Featured Image: http://commons.wikimedia.org/wiki/File:Quartz-Topaz-tch03a.jpg Caption: A topaz crystal Image Credit: Rob Lavinsky, irocks.com
This week’s Mineral Monday delay wasn’t due to a turkey-and-other-excellent-food-coma, whatever you may think. It’s because this week’s mineral is topaz, November’s birthstone, and I wanted to wait until my mom’s birthday to post it.
Topaz (Al2SiO4(F,OH)2) is another silicate mineral along with kyanite, olivine, and oh, so many more. In its pure form, it is colorless and clear, and can be cut to rival diamonds.

Image Caption: The Chalmers Topaz at the Field Museum, a near-colorless 5889.5 carat topaz (Image Credit: Opacity via Flickr)
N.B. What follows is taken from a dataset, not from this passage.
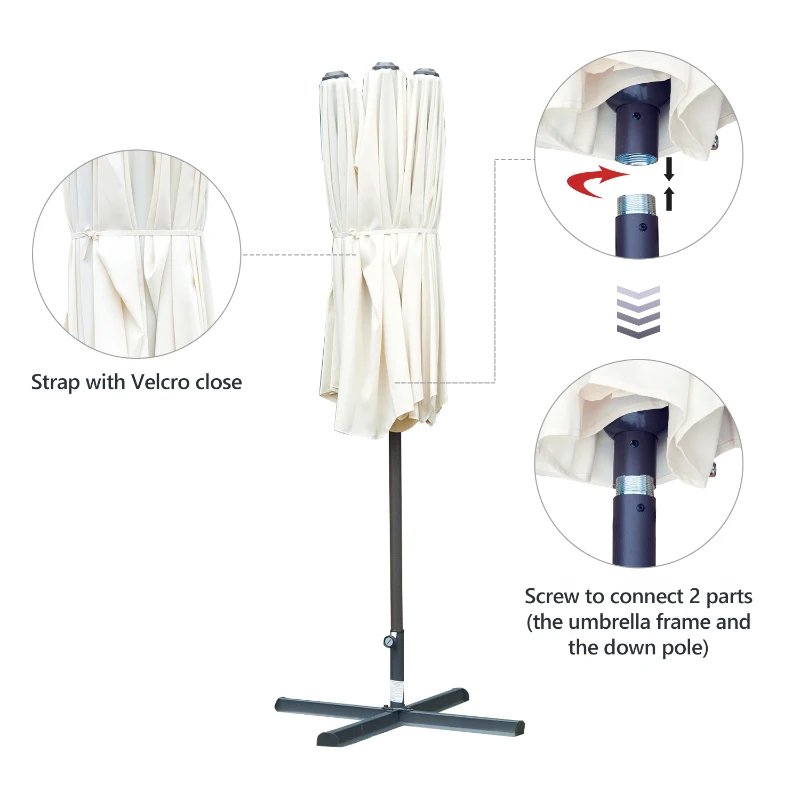 Outsunny 15' Double-Sided Outdoor Patio Market Umbrella with Air Vents - Cream White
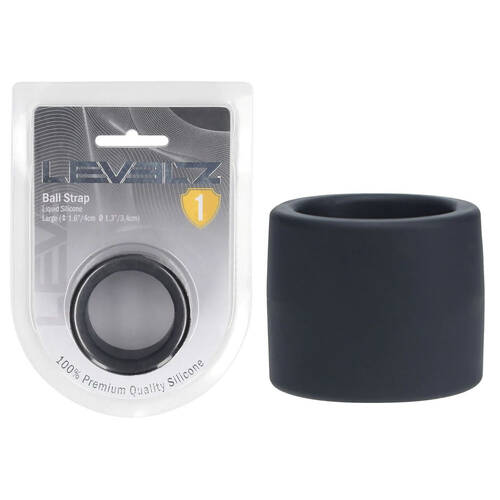 LEVELZ Liquid Silicone Ball Strap - L - Black Black Ball Strap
Usually, when someone refers to ‘topaz’ people think of the warm brownish-yellow common to many varieties of topaz around the world. This classic topaz color is often confused with citrine, a type of quartz. Etymology nerds the world over are still arguing over the origin of the word topaz, with some maintaining that it came from the ancient name of an island on the east coast of Egypt, called Topazios, where the gem peridot was mined. Others maintain that the name came from the Sanskrit word tapas meaning “heat or fire.”
Like many gems, topaz comes in a wide range of colors, from blue to green to pink. But topaz is cool because it can change colors. Historically, people noticed that the vibrant colors of topaz specimens would fade over time, especially if frequently worn in sunlight.
More recently, gemstone experts realized that heating and irradiating topaz stones could cause dramatic color shifts in topaz. A blast of radiation can be fairly destructive on an atomic level. That burst can knock loose atoms within the crystal structure, and also release a few electrons in the process. If an electron fills the hole left by an atom, it can absorb certain wavelengths of light, resulting in a blue or yellow color.*
Heating reverses this process, releasing the electrons, and resulting in a colorless stone.** Gemologists can use varying types of radiation and heating processes to manipulate a topaz’s color dramatically
This process has become so common that it has even affected prices for gems. There’s really no way to tell whether a stone is naturally blue or irradiated, and so blue topazes, once rare, have now become relatively inexpensive.
Happy birthday Mom!
*Jill Banfield at Berkeley has a great description of the process on her Gems and Gem Materials class website: here.
**Colorless, or a stone colored only with impurities instead of loose electrons. See more info here and here.


2 Comments
Wow…that was all she could say…
Thanks! This is cool–I never knew how the irradiation part worked.
Testing, testing. Anybody home? I miss Mineral Mondays. If you take requests, how about vivianite? Cheers!